The earliest adopters were multinationals that were already implementing companywide payment centralization and standardization programs, particularly utilities and telecoms companies, which have millions of direct-debit customers to migrate to SEPA-compliant solutions. Since March this year, however, companies across all sectors—from oil and gas to pensions—have been on the case.
“There’s been a massive ramp-up of corporate action on SEPA. We really noticed the pickup begin at the end of March,” says Garry Young, director of corporate services at Logica, which is working with several new bank partners, including Rabobank, to help their corporate clients implement SEPA programs.

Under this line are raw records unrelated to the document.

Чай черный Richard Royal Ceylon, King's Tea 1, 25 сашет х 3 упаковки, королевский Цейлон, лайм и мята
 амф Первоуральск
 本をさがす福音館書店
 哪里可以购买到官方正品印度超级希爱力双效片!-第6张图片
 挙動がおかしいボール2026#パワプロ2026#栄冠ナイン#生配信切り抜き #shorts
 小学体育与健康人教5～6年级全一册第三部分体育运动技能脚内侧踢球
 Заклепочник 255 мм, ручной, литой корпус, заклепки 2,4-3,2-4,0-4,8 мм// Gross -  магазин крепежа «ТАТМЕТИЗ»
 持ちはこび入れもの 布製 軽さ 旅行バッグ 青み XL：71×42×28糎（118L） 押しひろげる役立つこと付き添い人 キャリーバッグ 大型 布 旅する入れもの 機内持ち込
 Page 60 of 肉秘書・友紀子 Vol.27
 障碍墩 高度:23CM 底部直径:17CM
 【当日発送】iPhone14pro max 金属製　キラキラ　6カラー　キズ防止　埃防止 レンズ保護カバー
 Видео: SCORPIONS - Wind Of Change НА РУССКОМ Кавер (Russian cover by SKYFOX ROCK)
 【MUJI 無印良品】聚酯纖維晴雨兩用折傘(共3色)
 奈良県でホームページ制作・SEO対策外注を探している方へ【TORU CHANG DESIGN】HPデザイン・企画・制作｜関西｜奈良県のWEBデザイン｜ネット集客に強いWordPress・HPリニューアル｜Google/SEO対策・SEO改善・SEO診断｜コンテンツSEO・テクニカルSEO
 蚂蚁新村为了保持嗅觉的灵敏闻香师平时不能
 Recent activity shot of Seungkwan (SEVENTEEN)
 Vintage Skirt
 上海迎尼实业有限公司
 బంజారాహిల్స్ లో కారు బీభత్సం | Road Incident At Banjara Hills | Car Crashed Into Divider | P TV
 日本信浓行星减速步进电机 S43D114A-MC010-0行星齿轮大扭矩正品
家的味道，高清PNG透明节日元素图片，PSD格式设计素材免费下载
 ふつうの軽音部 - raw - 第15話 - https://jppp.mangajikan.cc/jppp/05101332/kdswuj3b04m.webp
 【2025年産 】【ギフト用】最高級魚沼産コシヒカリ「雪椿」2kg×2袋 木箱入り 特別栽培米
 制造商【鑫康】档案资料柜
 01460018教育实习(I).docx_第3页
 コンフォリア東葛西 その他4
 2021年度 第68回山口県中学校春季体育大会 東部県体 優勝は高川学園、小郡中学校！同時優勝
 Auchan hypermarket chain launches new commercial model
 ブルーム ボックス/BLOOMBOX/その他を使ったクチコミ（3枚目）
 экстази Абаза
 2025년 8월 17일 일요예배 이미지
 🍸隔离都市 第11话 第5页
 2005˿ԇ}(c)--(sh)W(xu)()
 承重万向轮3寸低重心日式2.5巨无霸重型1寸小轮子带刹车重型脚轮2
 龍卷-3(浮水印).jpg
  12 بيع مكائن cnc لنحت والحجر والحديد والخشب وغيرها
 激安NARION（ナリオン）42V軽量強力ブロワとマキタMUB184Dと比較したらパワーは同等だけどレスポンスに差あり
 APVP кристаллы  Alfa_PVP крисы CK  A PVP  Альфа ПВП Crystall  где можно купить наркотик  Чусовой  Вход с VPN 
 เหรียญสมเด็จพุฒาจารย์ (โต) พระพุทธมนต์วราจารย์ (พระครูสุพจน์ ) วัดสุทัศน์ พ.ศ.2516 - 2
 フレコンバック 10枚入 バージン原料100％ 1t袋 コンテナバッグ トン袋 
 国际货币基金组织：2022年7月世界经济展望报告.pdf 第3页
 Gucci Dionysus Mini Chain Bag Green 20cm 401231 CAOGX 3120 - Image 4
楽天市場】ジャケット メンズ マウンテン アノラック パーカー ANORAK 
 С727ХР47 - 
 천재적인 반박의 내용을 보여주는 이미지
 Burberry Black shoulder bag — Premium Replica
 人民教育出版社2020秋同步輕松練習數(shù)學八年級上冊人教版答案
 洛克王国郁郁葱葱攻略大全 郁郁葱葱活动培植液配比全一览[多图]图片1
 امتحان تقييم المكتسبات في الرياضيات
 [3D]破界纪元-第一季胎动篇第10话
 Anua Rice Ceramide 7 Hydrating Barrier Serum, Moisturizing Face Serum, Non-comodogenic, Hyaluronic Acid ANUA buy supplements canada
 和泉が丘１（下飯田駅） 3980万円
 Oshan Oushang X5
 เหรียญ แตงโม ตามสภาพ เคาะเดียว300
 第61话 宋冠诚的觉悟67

Young, Logica: The last thing companies want is for their French, German and Italian subsidiaries to implement different SEPA solutions |
But many companies have made little progress yet. Ad van der Poel, product executive for payments and receivables for global treasury solutions, EMEA, at Bank of America Merrill Lynch, says: “I think actual activity will start in the second half of this year.”
Companies may have their work cut out for them. Almost 30% of SEPA-eligible credit transfers throughout the eurozone were processed through SEPA payment instruments in May, but less than 1% of SEPA-eligible direct debits were processed under SEPA. Migrating the vast numbers of direct-debit mandates from legacy payment instruments to SEPA will present one of the biggest challenges and costs, whether companies use a third-party mandate manager system or choose to do it themselves.
Existing mandates can be grandfathered, but need to include SEPA-specific data, and the creditor must maintain those mandates. Companies operating in several countries with separate enterprise resource planning (ERP) systems may also require several different interfaces to their mandate manager. Credit transfers, though less problematic, also need to be communicated in IBAN/BIC (international bank account number/bank identifier code) and will require changes to a company’s communication with counterparties, to its database and ERP system and to its reconciliation.
For some corporates questions remain about the implementation process—for example, whether their banks can support their clients’ migrating to the XML formats that are mandatory for SEPA transactions. Resolving these issues is also delaying migration.
RISKS TO THE SEPA VISION
The worsening European debt crisis has prompted some corporates to question whether a single euro payments system is even viable. Van der Poel says: “Corporates outside the eurozone are asking whether they need to invest in SEPA when there’s a risk of the euro disappearing altogether.”
“Corporates outside the eurozone are asking whether they need to invest in SEPA when there’s a risk of the euro disappearing altogether”
– Ad van der Poel, Bank of America Merrill Lynch
Van der Poel notes that this is highly unlikely. “Even if it did occur, a pan-European, multicurrency system could still survive,” he says. “So with the end date in place, corporates still need to ensure they are SEPA-compliant.”
For Young the biggest risk to SEPA is that companies pursue a short-term fix and miss the benefits of rationalization and standardization that SEPA should deliver in improved cash visibility and control, risk reduction and lower costs. “The last thing companies want is for their French, German and Italian subsidiaries to implement different SEPA solutions,” Young says. “They could end up with more costs, more risk and less visibility.”